もちろん、計算ルールや九九、円周率など覚えるものもありますが、それらはツール。算数はそれらのツールを使って、より複雑な問題を考えて解くことになります。

では、算数はどのように取り組めば良いでしょうか。算数で大切なのは、「理解」した上で「演習」を積むというプロセスです。

「理解」をすっ飛ばして宿題を何巡もすると、子どもは解き方を暗記してしまいます。

そして怖いのが、5年生の夏前頃までは、暗記でもそれなりに点数が取れてしまうという点です。

「理解」できているか否かは、考え方を子どもに口で説明させる

しかし、次第に暗記型勉強では太刀打ちできなくなってきます。その理由は2つ。

● 暗記でしのげるほど単純な内容ではなくなる

→学年が進むにつれて「割合」「速さ」といった抽象概念を扱うため、根本理解が必要となる。
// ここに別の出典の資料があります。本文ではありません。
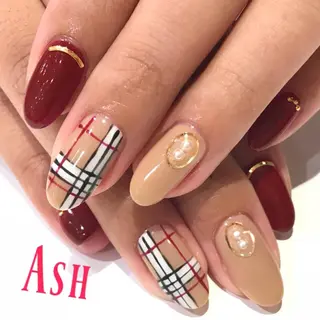 ネイル 🩵NORIKO 上品ネイルが得意🩵のネイルデザイン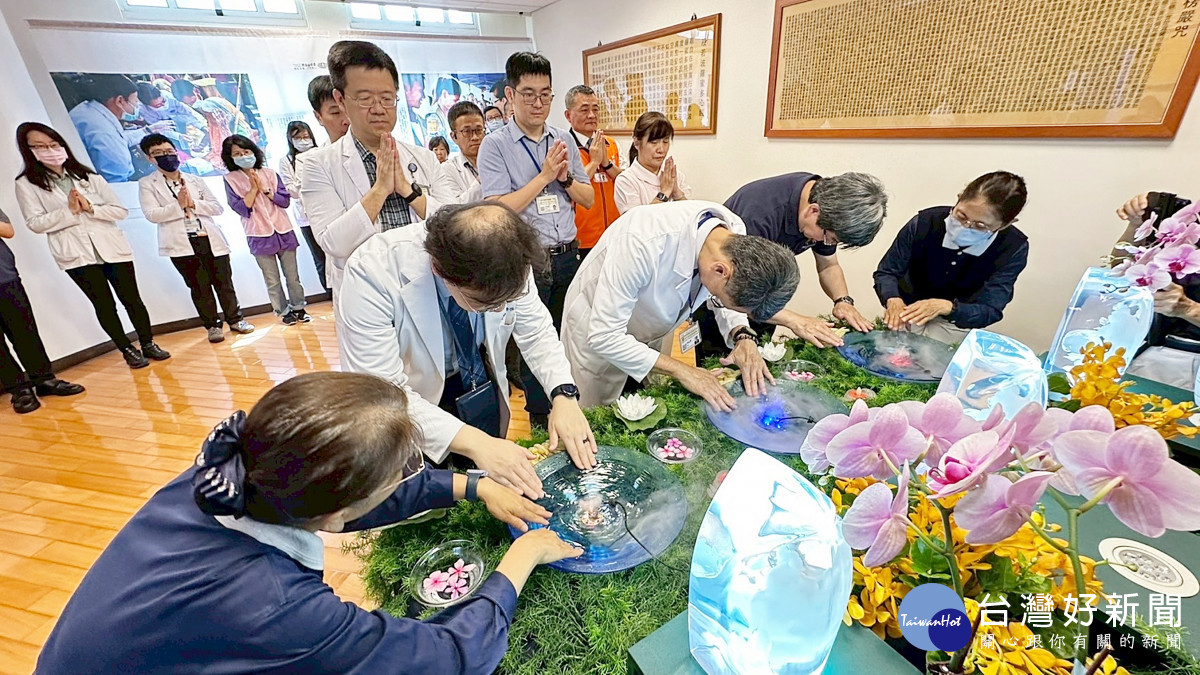 桃療院長邱献章帶領一級主管及同仁禮敬諸佛/獻共/浴佛。(桃療提供)
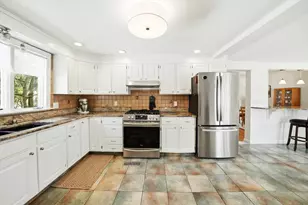 41 Cross St, Winchester, MA 01890 - Photo 17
他分野も思考の階層が深まり、手順が複雑化して覚えきれなくなる。

● 何巡もする余裕がなくなる

→4年生で扱う「量」と「難度」を1とすると、5年生はその2倍、6年生はさらに2倍となり、何巡もする時間的余裕がなくなる。

宿題を何巡もすることが悪いわけではなく、その前に「理解」を経ないことが問題なのです。
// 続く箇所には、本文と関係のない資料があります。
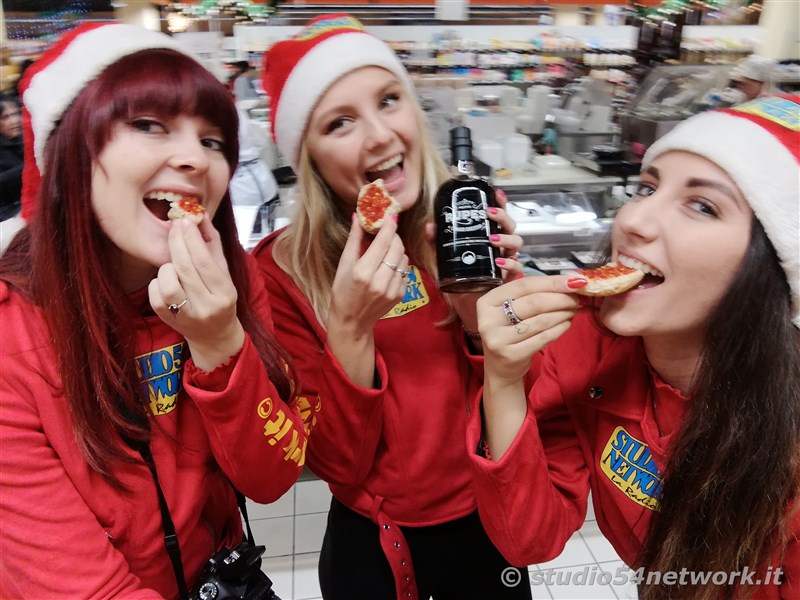 A Bovalino, al Centro Commerciale i Gelsomini,  con Amaro Rupes  gi Natale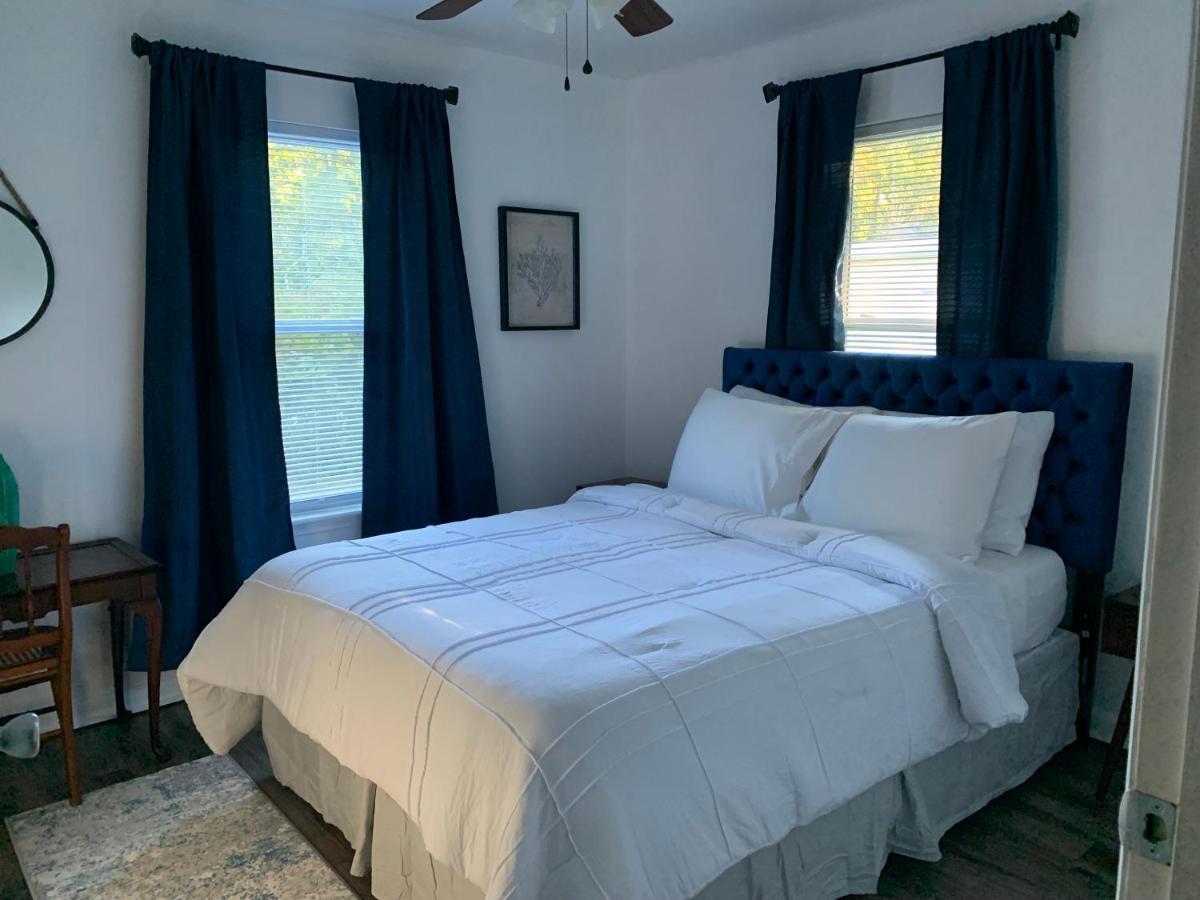 2 Bedroom House Walking Distance To Ocean Boulevard And Broadway At The Beach Myrtle Beach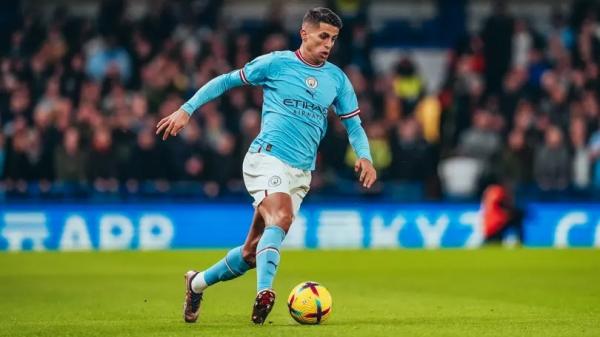 أبرزها إعارة كانسيلو وضم أملاح.. الصفقات تتوالى قبل انتهاء الميركاتو الشتوي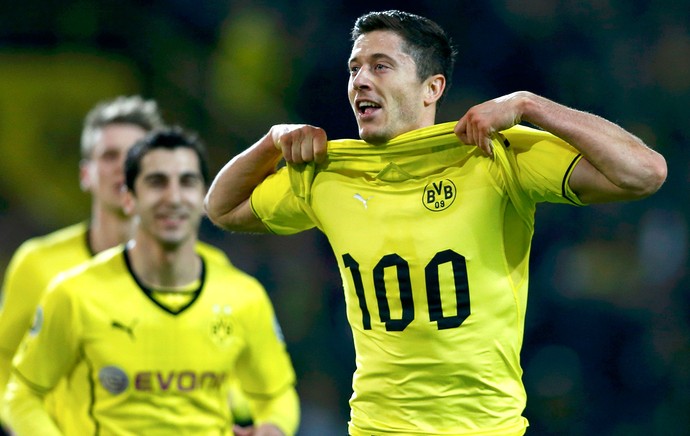 Robert Lewandowski comemoração gol Borussia Dortmund e Wolfsburg (Foto: Reuters)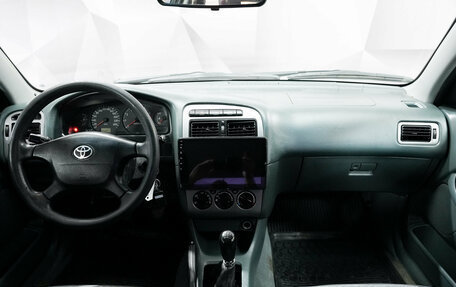 Toyota Avensis III рестайлинг, 2001 год, 349 000 рублей, 3 фотография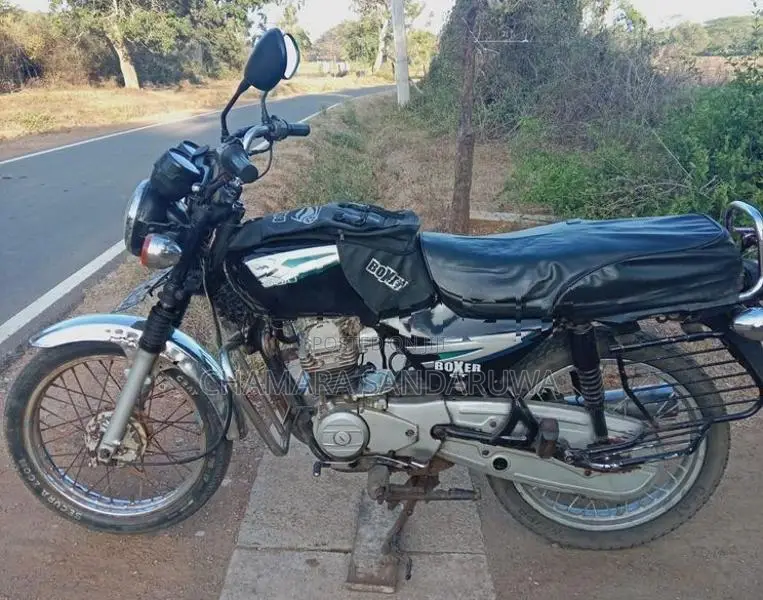 Bajaj Boxer 2003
「理解」できているか否かは、考え方を子どもに口で説明させることで判断がつきます。

このとき、「子ども自身の言葉で説明できているか」がポイント。説明がたどたどしい、適切な算数用語が出てこないのが、小学生らしい説明です。エクセレントな解説は「解説そのものを暗記している」可能性もあります。

その場合は、その解説にもっと突っこんだ質問をしてみてください。それでも説明ができるか否かが見極めのポイントです。